The true measure of quality for the profiles is how well they enable feedback-directed optimizations. The speedup column of Table 2 shows the speedup obtained by using FDO over a baseline binary compiled without FDO. The baseline and FDO binaries were all compiled using the -O2 flag. The -O2 and -O0 in the legend refer to optimization flags used for the binary that was sampled to collect profiles. For most cases, better precision leads to better performance. On average, sample-based FDO on -O2 binaries with our refinements provides a speedup of 3.79% compared to 2.94% without the refinements. On binaries optimized with the -O0 flag, sample-based FDO with our refinements provides a 4.46% speedup compared to 3.09% without the refinements. We believe the majority of the difference between -O2 and -O0 stems from poor source line information. For some benchmarks (186.crafty, 256.bzip2, and 300.twolf), sample-based FDO outperforms its instrumentationbased counterpart. Since many feedback-directed optimizations in GCC are driven by threshold-based heuristics, this difference is not surprising as subtle differences. For the benchmark 181.mcf, instrumentation-based feedback-directed optimization suffers a significant performance loss compared to the baseline binary. The code sequence suffers from significantly higher branch misprediction leading to the performance degradation. For the 253.perlbmk, the performance gap is due to frequent use of the ternary operator in hottest functions. Unfortunately, samples for all instructions participating in the statement will be allocated to a single source line even though it corresponds to several basic blocks. The performance for this benchmark would no doubt improve with better source position information.
Conclusions
We designed and implemented a framework to use hardware event sampling and source position information to drive feedback-directed optimizations. By using multiple profiles and supervised learning to refine the profile precision, sampling-based FDO can achieve good overlap with the true execution frequencies and competitive speedups when compared with the instrumentation-based approach. However, samplingbased FDO provides better portability and usability while incurring negligible overhead. Our experiments show that the proposed techniques are feasible for production use on out-of-order platforms, and the precision/performance can be further improved with more precise source position information.

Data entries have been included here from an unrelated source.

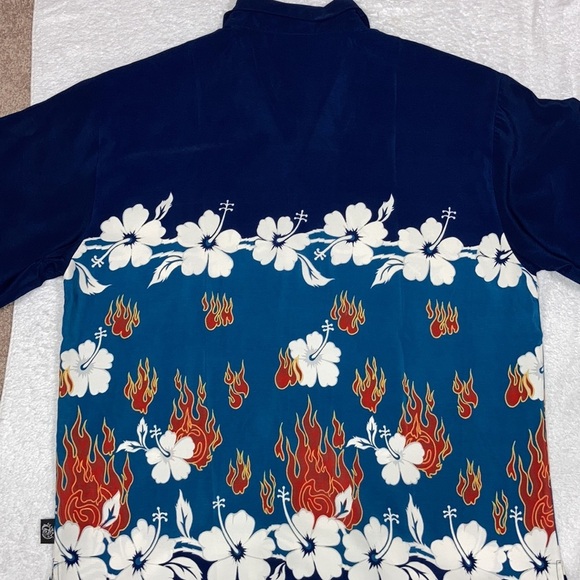 Uluwatu xxl hibiscus flames Hawaiian button down - Picture 7 of 8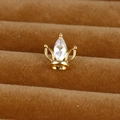 Détail de puce d'oreille couronne en acier inoxydable avec zircon marquise scintillant - Couronne / Or / 0,1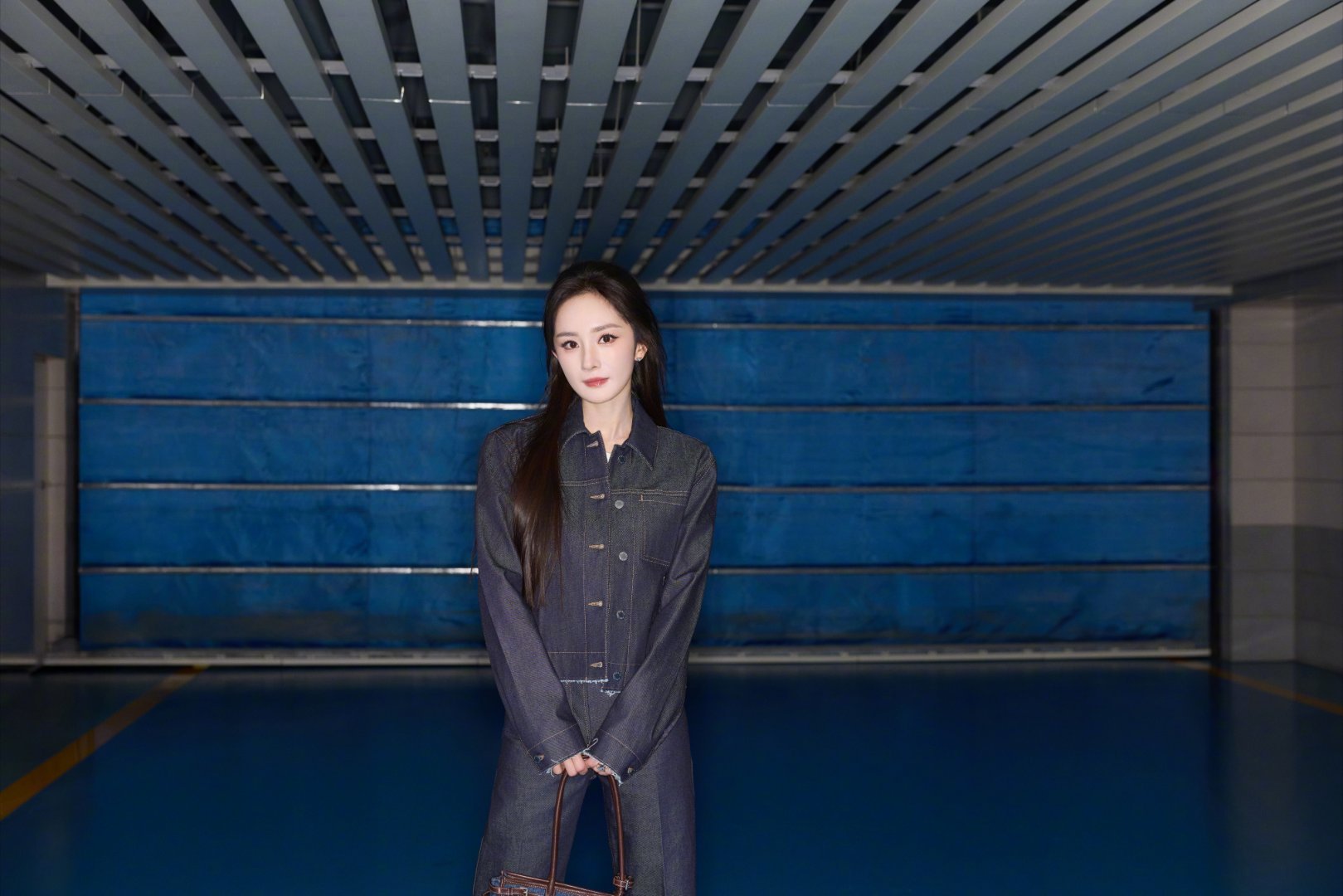 Prada出发图期待代言人杨幂在米兰大放光彩！ 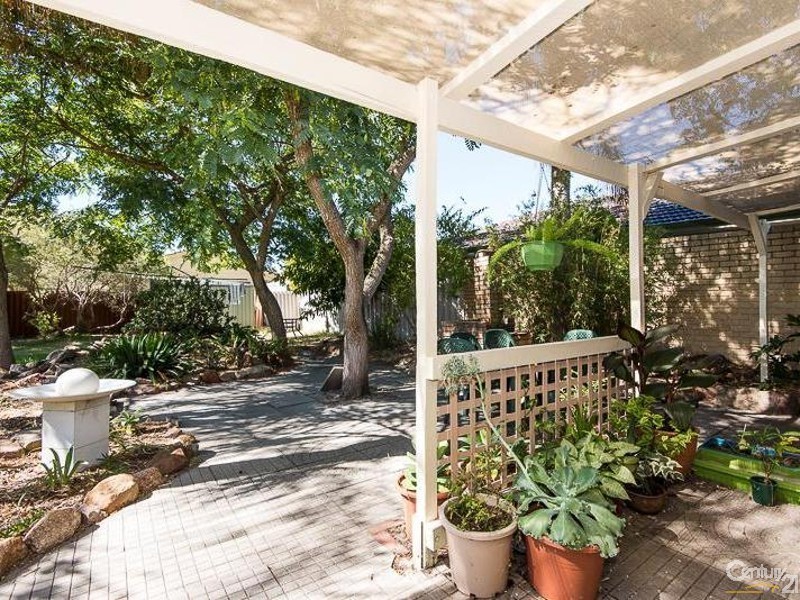 81 Grenadier Drive, Thornlie WA 6108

The results presented here represent an initial implementation. Our ongoing work is exploring using the over-sampled/under-sampled basic block classification to further tune the MCF smoothing algorithm. We are also investigating heuristics to avoid precision loss due to code duplicating optimizations. We also plan to explore hybrid models, where instrumentation is used selectively to profile areas of the application where sampling is too inaccurate. By carefully controlling where instrumentation is inserted, we believe the overhead can be kept low enough to allow the instrumented binaries to be used in production.
Further, while our current implementation focuses on generating edge profiles, we plan on exploring using other types of profiles, such as cache miss profiles to guide code-and data-layout optimizations, and branch misprediction profiles to guide if-conversion. Ultimately, we believe these additional profiles facilitated by hardware event sampling will significantly improve the profitability of feedback-directed optimization.